Financial Results
JP Morgan Reports Higher Asset, Wealth Net Income

As is customary, the US-listed group started the quarterly financial reporting season.
JP Morgan kicked
off the fourth quarter of the 2023 reporting season by announcing
that net income in its asset and wealth management arm –
including its private bank – rose 7 per cent year-on-year to
$1.217 billion. Net revenue in the AWM business rose 11 per cent
to $5.095 billion.
Last year, JP Morgan bought crisis-hit First Republic (one of
several banks, such as Silicon Valley Bank) that was hit by the
impact of rising interest rates, among other factors. When the
First Republic acquisition is taken out, net revenue rose 2 per
cent on a year ago, the US bank said in a statement on
Friday.
Revenue rose on the back of higher management fees resulting
from strong net inflows and higher average market levels,
although lower net interest income offset some of that impact.

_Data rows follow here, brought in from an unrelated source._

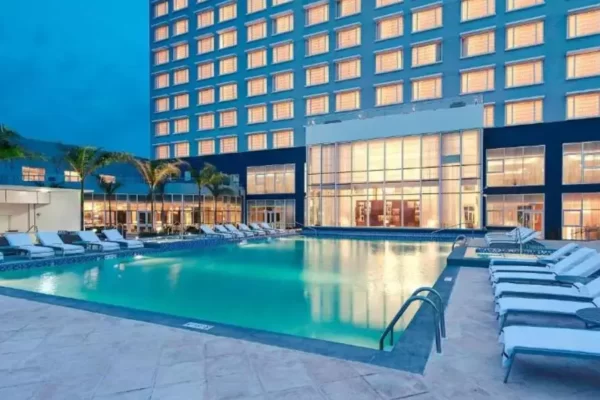 Guyana Marriott Hotel Georgetown Budget Hotels In Guyana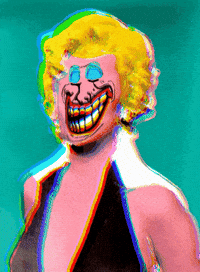 Happy Pop Art GIF by Xinanimodelacra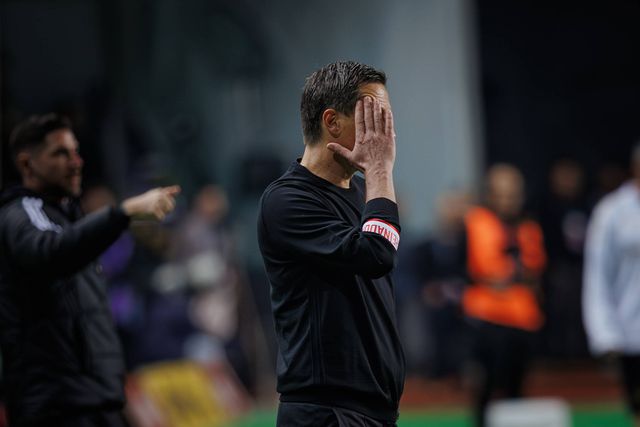 Um Benfica que não se resolveu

On
the cost side of the equation, noninterest rose 12 per cent, or
11 per cent excluding the First Republic deal, driven by higher
compensation, growth in private banker advisor teams, and the
effect of closing the JP Morgan Asset Management China
acquisition.
Total assets under management stood at $3.4 trillion; total
client assets were $5 trillion at the end of December 2023, each
rising 24 per cent.
Across the JP Morgan business, covering all divisions, net income
fell 15 per cent on a year ago in Q4 2023, to $9.307
billion. Net revenue rose 12 per cent to $38.574 billion,
the firm said.
At the end of December JP Morgan had a Common Equity Tier 1 ratio
– a standard measure of a bank’s capital buffer – of 15 per cent
on an advanced basis. The bank had a return on common equity of
12 per cent, down from 16 per cent a year earlier.